Students line up outside Grainger Hall on the UW-Madison campus Feb. 17, 2020.

Public health officials in Dane County announced Friday that teachers in school districts across the county would be able to sign up for COVID-19 vaccines through a clinic operated in partnership with local health care providers.

The county will order 14,000 vaccine doses over the first two weeks of March, and will vaccinate teachers through a clinic at the Alliant Energy Center, which has also served as a public testing location in the county.

This action comes as teachers, as well as other essential workers, will be newly-eligible for the COVID-19 vaccine in Wisconsin starting March 1. This group includes public transit, food supply chain and non-frontline health care workers.

“We all want kids in classrooms and vaccinated teachers are one more way that schools can protect the health and safety of staff and students,” said Public Health Madison & Dane County Director Janel Heinrich.

This comes as cases in the state continue to fall — the state’s seven-day average was 635 new cases as of Friday.

Cases are rapidly increasing among students at UW-Madison though, which prompted a message from university officials warning students that mitigation steps could be put in place if cases continue to rise. The head of the university’s health services system, Jake Baggott, said these moves could include quarantining dorms like the university did in September 2020 and closing recreational facilities.

“As we know from our experience in the fall, COVID-19 cases can grow rapidly, both on and off campus,” Baggott said. “It is critical that we all act now to stop the spread and prevent the need for further restrictions, on and off campus.”

Students on the campus are required to be tested once weekly as a condition of accessing campus facilities and services. On Tuesday, positive cases among students reached 122, meaning roughly 1 in 5 new cases in Wisconsin that day came from a single UW campus.

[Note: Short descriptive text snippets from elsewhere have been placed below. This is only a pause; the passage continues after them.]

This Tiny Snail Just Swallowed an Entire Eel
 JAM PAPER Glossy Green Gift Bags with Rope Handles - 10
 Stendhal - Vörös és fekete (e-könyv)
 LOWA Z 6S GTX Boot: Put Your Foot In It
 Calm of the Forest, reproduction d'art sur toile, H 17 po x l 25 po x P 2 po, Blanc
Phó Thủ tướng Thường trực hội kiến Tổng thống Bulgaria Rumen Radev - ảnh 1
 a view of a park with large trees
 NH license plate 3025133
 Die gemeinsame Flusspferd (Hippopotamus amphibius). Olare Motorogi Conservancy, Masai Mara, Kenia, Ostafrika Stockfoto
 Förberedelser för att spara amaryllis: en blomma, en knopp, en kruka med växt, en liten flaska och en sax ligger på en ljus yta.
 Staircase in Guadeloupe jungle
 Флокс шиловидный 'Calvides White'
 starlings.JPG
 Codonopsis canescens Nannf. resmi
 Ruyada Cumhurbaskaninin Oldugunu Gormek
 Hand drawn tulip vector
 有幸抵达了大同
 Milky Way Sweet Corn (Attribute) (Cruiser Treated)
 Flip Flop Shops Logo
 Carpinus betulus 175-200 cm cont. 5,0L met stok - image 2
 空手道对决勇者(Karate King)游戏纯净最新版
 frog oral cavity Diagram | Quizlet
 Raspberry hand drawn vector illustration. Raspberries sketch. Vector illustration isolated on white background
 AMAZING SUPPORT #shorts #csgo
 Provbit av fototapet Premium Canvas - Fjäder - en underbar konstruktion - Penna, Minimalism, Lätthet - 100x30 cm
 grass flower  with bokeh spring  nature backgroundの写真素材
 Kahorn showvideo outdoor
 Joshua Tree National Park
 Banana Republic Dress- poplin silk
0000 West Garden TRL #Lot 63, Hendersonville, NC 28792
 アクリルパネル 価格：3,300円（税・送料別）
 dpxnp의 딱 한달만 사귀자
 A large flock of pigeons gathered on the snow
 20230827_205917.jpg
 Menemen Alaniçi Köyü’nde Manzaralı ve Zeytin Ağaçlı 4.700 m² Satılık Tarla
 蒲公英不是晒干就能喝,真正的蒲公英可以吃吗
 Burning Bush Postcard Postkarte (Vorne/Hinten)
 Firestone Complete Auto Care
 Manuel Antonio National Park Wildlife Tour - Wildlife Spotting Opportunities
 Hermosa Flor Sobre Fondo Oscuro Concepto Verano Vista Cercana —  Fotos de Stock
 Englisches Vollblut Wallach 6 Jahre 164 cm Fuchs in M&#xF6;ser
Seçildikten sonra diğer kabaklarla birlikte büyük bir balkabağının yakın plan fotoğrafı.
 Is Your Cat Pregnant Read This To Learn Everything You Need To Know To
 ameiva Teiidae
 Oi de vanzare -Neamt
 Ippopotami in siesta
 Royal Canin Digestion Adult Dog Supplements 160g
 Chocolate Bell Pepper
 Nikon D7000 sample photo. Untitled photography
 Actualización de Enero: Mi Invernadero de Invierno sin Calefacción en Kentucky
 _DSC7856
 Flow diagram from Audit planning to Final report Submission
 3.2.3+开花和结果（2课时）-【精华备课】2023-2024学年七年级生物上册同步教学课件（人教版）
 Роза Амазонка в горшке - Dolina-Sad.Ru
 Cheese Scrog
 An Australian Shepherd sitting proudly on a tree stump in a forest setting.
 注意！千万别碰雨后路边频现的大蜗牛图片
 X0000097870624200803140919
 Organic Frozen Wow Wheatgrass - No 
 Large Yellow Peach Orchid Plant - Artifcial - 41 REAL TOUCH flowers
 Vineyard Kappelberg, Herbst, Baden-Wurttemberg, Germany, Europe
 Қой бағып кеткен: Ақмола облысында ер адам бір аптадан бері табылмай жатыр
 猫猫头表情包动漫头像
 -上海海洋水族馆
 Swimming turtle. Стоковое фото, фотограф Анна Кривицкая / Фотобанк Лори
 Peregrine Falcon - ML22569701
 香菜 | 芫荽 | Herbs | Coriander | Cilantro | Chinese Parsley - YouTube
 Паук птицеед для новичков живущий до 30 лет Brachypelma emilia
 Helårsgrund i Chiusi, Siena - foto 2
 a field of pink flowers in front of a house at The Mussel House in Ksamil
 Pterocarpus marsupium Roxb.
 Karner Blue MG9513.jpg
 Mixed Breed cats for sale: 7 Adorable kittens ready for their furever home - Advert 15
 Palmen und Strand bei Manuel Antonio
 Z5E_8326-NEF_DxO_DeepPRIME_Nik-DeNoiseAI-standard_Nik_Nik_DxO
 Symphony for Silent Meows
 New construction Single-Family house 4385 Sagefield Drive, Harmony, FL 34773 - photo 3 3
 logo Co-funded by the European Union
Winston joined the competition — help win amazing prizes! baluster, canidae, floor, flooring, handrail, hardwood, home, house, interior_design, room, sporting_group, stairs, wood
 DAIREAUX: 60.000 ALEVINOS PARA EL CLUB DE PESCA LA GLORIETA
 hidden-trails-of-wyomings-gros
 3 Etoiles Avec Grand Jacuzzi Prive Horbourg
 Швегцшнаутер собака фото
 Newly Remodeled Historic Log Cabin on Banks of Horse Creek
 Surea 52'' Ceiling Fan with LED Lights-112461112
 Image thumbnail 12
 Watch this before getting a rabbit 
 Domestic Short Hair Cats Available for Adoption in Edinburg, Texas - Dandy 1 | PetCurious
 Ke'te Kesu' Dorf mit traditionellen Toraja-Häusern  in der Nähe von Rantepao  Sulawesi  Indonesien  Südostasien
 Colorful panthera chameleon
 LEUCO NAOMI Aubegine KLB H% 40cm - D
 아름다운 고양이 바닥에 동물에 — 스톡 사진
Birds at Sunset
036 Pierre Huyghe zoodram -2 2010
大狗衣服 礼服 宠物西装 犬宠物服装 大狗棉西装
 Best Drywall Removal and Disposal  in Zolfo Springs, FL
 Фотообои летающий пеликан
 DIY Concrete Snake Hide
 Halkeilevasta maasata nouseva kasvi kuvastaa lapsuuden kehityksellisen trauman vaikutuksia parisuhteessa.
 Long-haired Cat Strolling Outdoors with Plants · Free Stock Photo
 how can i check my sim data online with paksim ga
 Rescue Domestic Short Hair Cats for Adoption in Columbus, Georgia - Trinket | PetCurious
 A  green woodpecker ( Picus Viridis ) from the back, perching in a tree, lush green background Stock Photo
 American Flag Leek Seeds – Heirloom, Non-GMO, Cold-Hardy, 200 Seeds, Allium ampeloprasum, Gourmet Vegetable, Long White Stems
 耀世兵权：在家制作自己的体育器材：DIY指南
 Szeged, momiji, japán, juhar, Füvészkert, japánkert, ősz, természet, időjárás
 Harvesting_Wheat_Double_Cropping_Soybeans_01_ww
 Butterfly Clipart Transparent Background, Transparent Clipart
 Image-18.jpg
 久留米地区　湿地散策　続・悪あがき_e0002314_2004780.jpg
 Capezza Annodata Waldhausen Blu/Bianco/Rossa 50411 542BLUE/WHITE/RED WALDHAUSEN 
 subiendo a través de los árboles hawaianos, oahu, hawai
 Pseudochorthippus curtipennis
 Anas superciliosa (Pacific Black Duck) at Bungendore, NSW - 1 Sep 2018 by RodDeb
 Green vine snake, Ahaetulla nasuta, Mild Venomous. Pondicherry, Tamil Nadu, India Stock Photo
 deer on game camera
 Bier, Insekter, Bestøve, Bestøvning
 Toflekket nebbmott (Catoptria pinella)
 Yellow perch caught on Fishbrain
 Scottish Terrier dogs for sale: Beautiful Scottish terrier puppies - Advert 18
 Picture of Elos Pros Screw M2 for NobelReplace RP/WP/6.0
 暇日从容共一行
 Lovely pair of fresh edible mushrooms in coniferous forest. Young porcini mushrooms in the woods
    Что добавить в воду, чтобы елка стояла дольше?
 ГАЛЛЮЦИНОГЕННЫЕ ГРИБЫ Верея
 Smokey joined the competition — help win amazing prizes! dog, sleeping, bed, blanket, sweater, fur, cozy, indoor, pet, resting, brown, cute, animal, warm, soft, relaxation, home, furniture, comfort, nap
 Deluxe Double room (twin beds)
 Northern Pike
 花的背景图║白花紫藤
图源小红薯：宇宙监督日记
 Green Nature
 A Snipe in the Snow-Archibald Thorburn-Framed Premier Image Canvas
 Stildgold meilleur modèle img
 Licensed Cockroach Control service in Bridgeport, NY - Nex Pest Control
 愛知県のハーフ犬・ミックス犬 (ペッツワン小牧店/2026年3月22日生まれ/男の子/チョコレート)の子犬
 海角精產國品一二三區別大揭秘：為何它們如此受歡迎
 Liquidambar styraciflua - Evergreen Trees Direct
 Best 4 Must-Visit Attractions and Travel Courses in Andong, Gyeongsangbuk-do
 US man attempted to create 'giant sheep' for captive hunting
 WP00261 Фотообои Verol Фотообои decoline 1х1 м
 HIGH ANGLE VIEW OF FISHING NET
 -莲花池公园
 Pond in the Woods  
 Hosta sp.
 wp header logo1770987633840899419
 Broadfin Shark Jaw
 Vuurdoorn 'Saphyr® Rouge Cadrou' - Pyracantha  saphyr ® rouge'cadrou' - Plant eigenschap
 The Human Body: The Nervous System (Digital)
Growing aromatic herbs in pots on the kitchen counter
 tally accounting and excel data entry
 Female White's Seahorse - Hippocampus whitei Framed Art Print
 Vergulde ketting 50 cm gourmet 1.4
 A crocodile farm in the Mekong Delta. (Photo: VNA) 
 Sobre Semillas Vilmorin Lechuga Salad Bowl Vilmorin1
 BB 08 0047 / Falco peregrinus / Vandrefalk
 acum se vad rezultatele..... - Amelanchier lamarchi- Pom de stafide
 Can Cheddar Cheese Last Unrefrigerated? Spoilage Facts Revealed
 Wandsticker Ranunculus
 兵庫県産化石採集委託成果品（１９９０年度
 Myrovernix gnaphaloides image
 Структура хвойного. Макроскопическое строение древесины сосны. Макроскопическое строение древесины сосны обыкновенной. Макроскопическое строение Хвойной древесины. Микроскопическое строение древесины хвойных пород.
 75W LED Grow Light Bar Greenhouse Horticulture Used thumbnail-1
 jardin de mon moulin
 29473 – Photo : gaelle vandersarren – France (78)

“Equally concerning, contact tracing suggests that many of the students who have tested positive had attended gatherings, sometimes without wearing masks,” Baggot said.

This also comes as the U.K. variant of COVID-19 was found in Dane County Thursday, which adds it to a list that also includes Eau Claire and Milwaukee counties as having reported this more contagious variant in their communities.

Heinrich said Dane County has prepared for the emergence of new strains.

“While this is the first time sequencing has confirmed the strain here, we’ve been operating under the assumption that the variant is present,” she said, “and that is why we continue to stress that people not let their guard down.”